▶ [Provided entries]

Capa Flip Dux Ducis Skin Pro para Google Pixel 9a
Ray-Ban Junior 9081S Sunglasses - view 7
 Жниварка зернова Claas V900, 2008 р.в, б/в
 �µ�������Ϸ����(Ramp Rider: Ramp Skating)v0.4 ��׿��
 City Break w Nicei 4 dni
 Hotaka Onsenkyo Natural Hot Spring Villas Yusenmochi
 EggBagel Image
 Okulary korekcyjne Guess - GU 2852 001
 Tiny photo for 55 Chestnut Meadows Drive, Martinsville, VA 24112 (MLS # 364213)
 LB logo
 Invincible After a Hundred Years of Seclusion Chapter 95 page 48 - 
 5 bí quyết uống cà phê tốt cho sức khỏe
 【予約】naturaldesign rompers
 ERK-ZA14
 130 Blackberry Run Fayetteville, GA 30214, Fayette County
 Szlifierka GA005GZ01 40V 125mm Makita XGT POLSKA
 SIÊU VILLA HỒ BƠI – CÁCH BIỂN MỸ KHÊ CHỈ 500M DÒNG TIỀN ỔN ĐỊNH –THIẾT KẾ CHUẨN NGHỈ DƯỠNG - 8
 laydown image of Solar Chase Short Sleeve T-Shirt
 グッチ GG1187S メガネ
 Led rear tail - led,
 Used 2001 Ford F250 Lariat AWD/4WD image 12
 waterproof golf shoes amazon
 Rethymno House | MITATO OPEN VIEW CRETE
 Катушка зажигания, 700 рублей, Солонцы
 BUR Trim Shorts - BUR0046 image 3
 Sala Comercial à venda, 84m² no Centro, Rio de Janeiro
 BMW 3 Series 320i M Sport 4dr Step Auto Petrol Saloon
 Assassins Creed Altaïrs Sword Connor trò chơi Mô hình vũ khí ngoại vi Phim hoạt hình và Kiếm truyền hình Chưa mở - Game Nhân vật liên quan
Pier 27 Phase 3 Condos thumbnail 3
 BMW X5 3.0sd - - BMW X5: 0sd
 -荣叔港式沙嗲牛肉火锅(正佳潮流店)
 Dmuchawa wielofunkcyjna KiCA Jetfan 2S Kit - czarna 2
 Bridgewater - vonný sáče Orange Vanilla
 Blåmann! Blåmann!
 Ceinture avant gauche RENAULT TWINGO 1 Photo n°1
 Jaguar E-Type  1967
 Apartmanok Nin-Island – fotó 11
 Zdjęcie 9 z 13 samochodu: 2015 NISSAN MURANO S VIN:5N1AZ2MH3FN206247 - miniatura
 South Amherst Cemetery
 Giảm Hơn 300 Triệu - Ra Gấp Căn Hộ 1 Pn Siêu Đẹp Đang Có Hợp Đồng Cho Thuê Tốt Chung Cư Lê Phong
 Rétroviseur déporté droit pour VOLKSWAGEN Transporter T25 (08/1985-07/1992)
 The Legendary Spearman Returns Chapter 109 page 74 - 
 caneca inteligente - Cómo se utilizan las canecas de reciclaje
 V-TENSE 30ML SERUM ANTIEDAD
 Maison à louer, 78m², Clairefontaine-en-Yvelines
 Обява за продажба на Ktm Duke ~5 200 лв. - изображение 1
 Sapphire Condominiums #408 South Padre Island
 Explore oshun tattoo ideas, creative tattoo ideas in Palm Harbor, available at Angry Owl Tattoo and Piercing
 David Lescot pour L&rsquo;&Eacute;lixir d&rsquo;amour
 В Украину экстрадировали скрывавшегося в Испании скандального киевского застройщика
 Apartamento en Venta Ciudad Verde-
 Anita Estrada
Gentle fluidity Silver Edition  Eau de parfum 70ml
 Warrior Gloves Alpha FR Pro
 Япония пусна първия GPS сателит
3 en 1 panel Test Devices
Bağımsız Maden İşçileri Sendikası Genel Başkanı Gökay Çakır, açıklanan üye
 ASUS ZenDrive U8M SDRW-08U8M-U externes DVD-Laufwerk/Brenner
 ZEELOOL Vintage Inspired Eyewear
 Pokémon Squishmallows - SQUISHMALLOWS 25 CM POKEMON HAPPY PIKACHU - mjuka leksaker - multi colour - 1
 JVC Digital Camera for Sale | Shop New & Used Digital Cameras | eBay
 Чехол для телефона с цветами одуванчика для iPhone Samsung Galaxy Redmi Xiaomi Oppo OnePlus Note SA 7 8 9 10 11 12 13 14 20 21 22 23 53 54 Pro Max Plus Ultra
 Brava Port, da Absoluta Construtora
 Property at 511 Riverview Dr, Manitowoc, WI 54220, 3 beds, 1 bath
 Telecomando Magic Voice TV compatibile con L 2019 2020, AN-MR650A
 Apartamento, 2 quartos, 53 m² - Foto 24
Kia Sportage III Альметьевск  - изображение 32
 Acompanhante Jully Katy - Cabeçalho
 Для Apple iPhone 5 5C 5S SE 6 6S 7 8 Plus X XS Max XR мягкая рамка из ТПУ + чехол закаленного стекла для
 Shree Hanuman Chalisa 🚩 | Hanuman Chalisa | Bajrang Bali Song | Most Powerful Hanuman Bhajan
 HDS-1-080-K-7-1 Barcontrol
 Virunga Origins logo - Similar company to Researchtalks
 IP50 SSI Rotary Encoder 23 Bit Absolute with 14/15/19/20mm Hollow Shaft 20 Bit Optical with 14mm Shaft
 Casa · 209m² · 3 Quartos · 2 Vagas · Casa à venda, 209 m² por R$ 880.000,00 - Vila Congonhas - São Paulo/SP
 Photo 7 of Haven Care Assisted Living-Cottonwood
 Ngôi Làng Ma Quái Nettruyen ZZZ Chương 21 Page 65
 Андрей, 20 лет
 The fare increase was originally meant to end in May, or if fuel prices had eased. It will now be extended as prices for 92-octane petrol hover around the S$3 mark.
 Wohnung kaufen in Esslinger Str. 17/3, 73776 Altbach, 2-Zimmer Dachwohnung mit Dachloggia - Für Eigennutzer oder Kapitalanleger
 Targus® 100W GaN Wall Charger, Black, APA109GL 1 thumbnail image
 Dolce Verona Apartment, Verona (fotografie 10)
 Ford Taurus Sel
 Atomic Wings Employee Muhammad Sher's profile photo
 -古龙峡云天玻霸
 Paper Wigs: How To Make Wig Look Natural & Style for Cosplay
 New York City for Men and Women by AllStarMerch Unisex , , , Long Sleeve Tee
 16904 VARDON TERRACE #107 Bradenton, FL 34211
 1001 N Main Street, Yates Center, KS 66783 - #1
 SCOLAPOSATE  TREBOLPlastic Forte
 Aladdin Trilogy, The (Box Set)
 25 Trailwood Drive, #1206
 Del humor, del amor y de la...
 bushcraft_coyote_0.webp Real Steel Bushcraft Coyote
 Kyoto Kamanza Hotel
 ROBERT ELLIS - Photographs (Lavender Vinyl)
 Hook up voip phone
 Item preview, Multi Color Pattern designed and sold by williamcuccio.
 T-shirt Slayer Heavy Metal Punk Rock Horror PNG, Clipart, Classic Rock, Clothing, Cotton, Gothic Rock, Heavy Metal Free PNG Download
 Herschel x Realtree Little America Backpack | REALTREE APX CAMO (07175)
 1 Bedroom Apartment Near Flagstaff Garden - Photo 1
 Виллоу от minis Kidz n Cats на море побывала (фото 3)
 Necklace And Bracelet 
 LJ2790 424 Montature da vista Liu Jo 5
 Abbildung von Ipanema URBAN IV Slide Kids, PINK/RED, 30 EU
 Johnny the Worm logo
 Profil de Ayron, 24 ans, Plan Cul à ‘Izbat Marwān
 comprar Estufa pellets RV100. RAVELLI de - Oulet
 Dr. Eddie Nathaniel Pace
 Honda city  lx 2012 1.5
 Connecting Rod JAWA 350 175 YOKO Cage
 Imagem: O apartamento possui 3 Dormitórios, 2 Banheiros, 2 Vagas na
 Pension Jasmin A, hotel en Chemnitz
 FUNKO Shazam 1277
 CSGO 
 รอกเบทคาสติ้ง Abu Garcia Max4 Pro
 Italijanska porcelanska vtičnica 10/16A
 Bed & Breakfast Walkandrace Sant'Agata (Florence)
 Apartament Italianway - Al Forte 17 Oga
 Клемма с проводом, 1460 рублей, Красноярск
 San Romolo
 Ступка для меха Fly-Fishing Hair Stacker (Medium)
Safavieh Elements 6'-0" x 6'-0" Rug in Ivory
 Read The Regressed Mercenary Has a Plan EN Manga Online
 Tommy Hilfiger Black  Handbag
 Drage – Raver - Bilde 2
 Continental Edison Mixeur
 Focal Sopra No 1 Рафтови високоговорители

▶ [Work to be completed] Could you transcribe the entries above word for word, from the line with "bushcraft_coyote_0.webp Real Steel" down to the line with "รอกเบทคาสติ้ง Abu Garcia Max4 Pro", keeping both?

▶ [Exercise answer]
 bushcraft_coyote_0.webp Real Steel Bushcraft Coyote
 Kyoto Kamanza Hotel
 ROBERT ELLIS - Photographs (Lavender Vinyl)
 Hook up voip phone
 Item preview, Multi Color Pattern designed and sold by williamcuccio.
 T-shirt Slayer Heavy Metal Punk Rock Horror PNG, Clipart, Classic Rock, Clothing, Cotton, Gothic Rock, Heavy Metal Free PNG Download
 Herschel x Realtree Little America Backpack | REALTREE APX CAMO (07175)
 1 Bedroom Apartment Near Flagstaff Garden - Photo 1
 Виллоу от minis Kidz n Cats на море побывала (фото 3)
 Necklace And Bracelet 
 LJ2790 424 Montature da vista Liu Jo 5
 Abbildung von Ipanema URBAN IV Slide Kids, PINK/RED, 30 EU
 Johnny the Worm logo
 Profil de Ayron, 24 ans, Plan Cul à ‘Izbat Marwān
 comprar Estufa pellets RV100. RAVELLI de - Oulet
 Dr. Eddie Nathaniel Pace
 Honda city  lx 2012 1.5
 Connecting Rod JAWA 350 175 YOKO Cage
 Imagem: O apartamento possui 3 Dormitórios, 2 Banheiros, 2 Vagas na
 Pension Jasmin A, hotel en Chemnitz
 FUNKO Shazam 1277
 CSGO 
 รอกเบทคาสติ้ง Abu Garcia Max4 Pro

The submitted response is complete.